• _What is required_: Each line from the one that holds "2014 FORD ESCAPE" to the end of the records is to be retyped exactly. Pictures are not part of the copy.

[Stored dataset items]
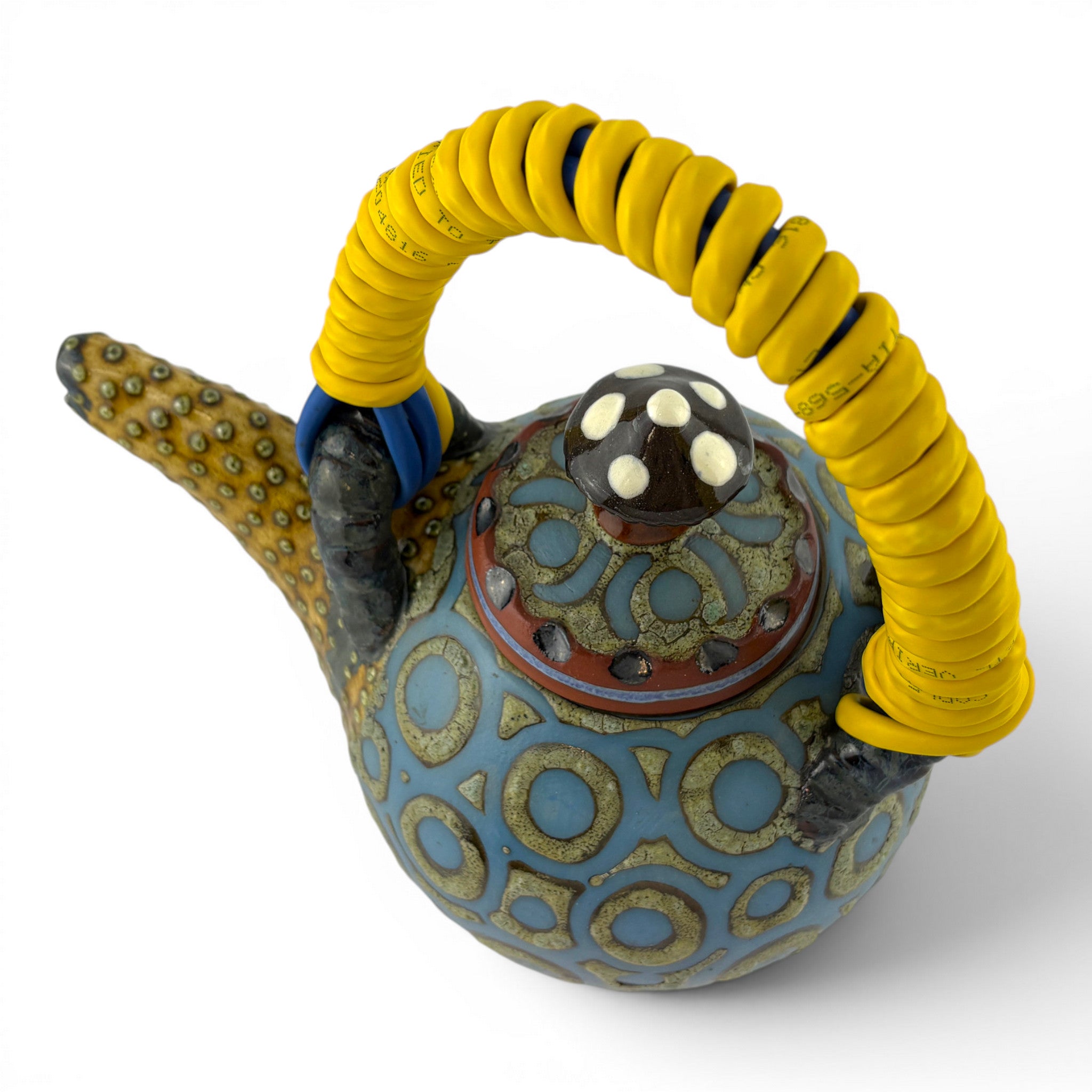 Ronan Peterson - Teapot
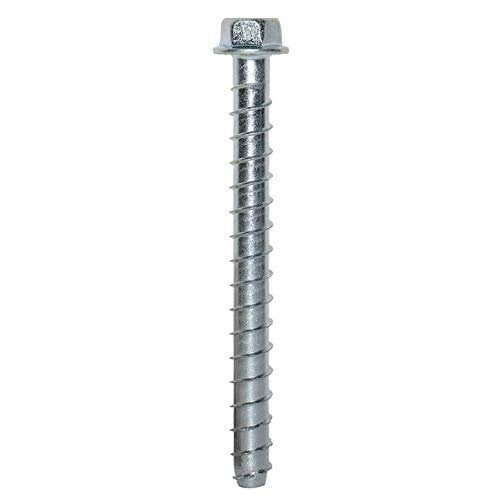 Simpson Strong-Tie THD50500HC20-1/2" x 5" Heavy-Duty Screw Anchor 20ct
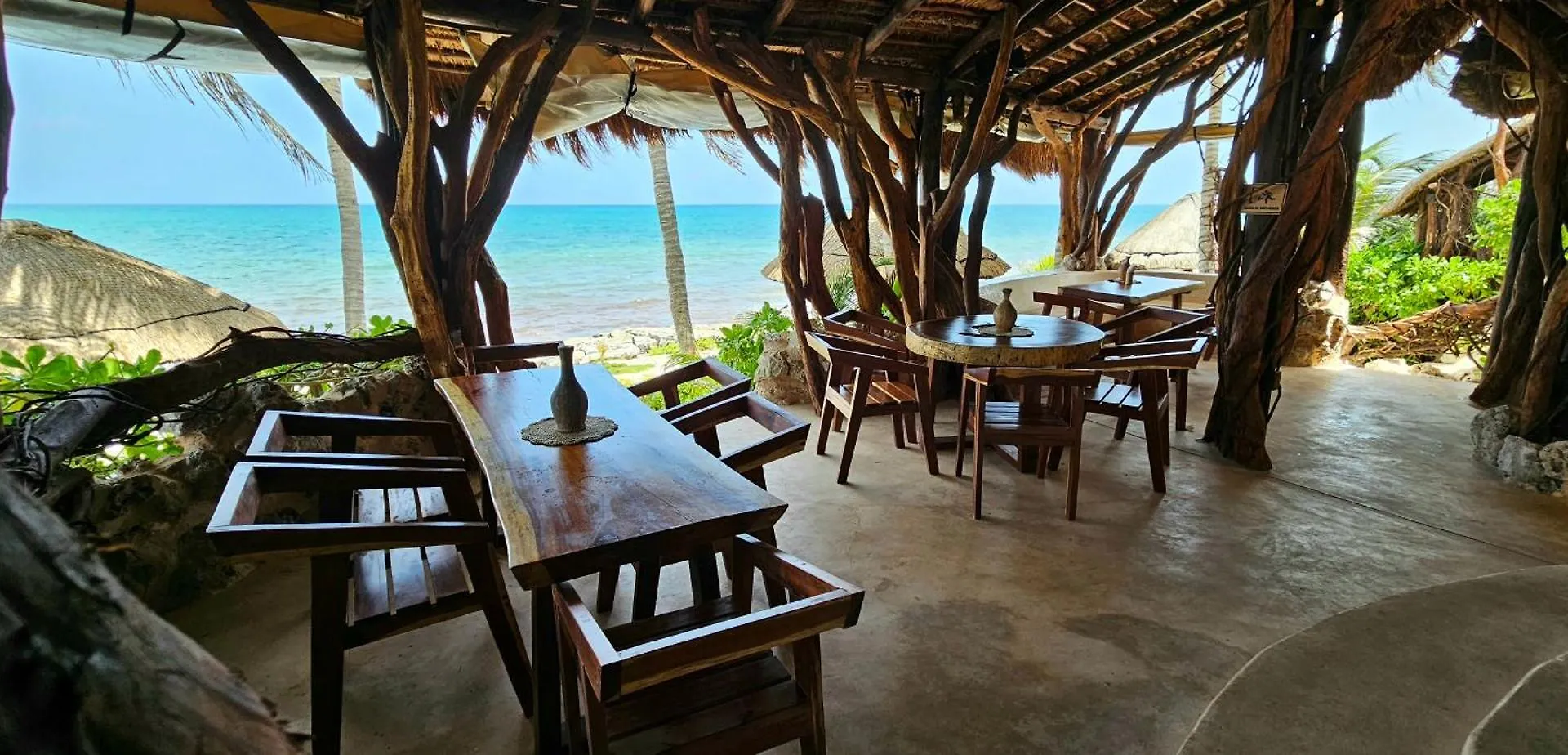 Cabanas Playa Condesa Tulum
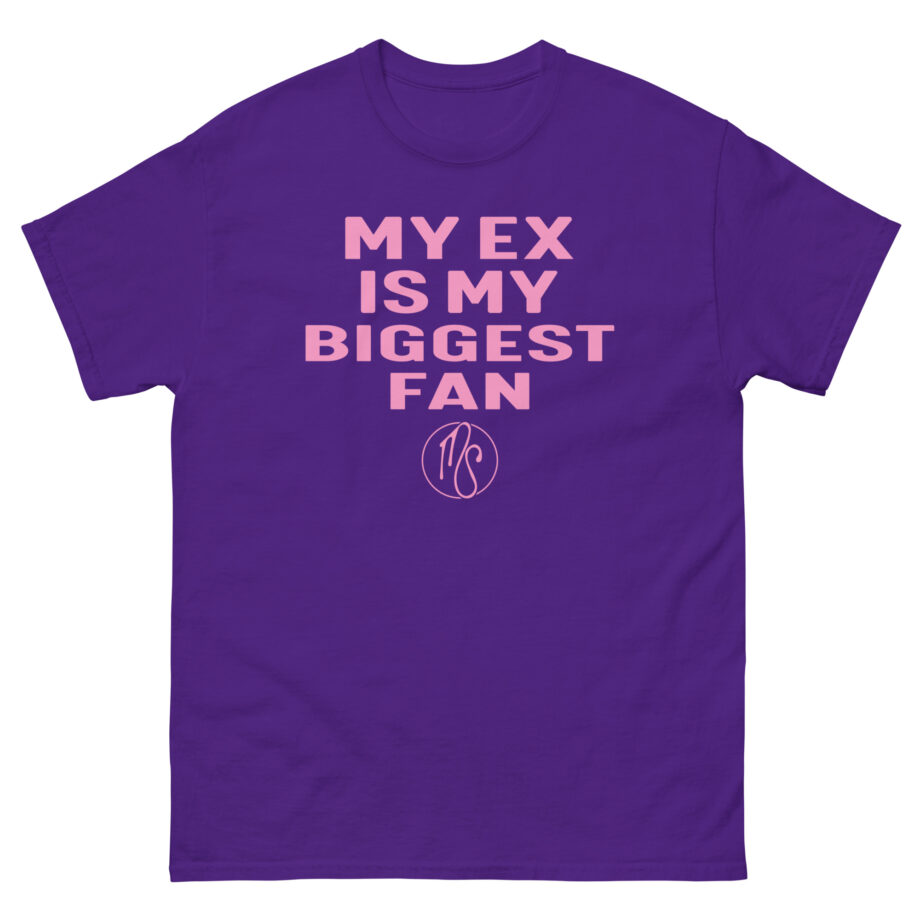 Mod Sun My Biggest Fan Ringer Unisex classic tee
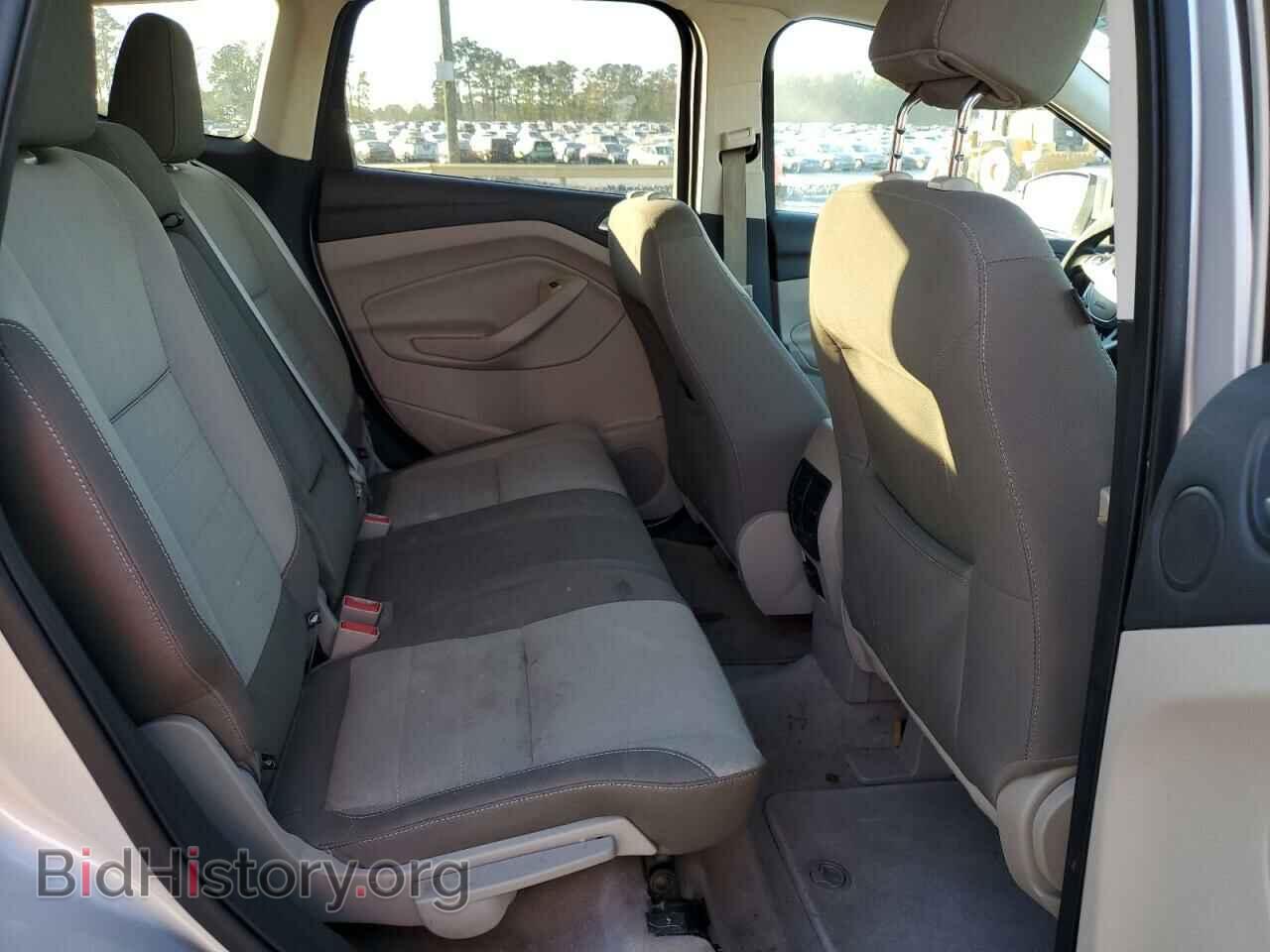 2014 FORD ESCAPE - VIN: 1FMCU0GX3EUC73286 - Фото 11
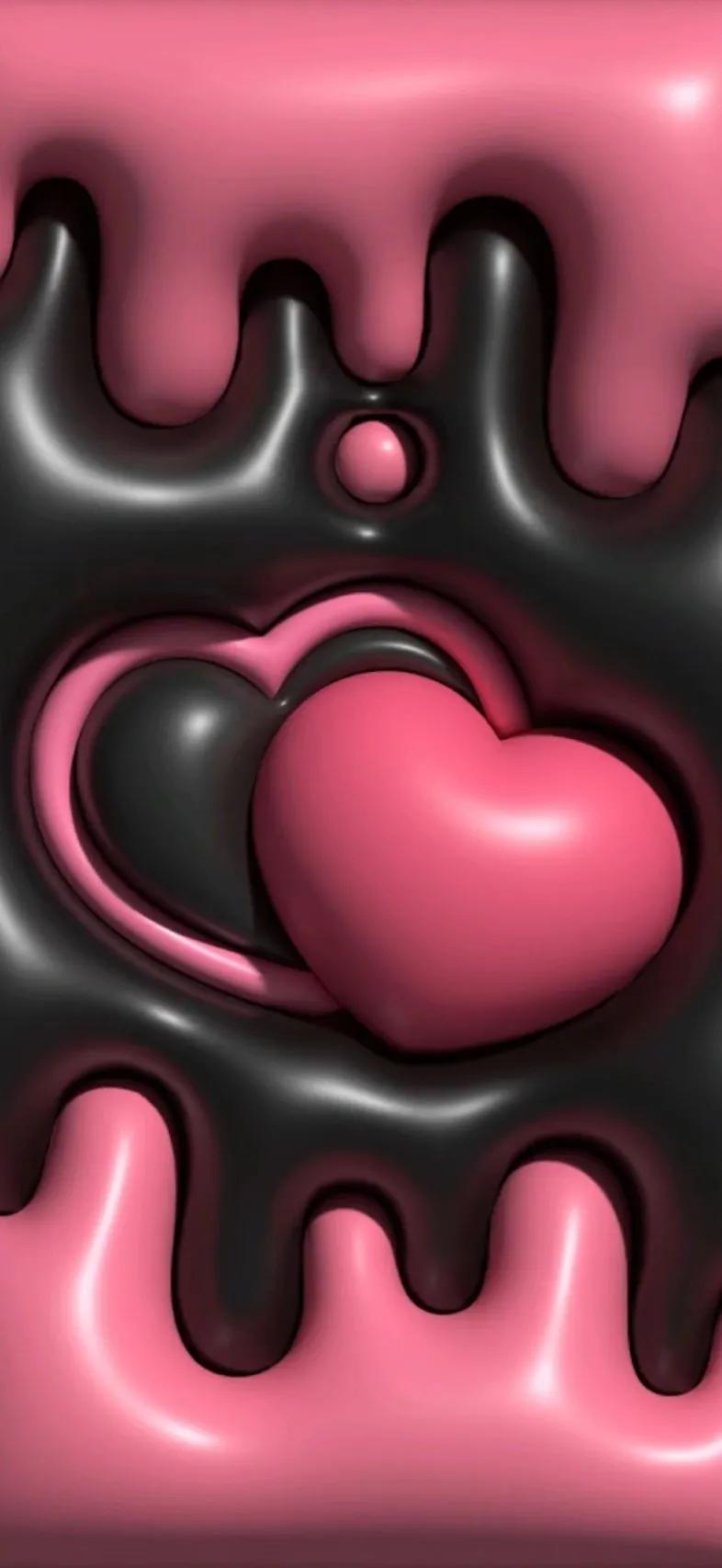 曲面全屏凹凸感壁纸,精美凹凸壁纸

• _Answer space_:
 2014 FORD ESCAPE - VIN: 1FMCU0GX3EUC73286 - Фото 11
 曲面全屏凹凸感壁纸,精美凹凸壁纸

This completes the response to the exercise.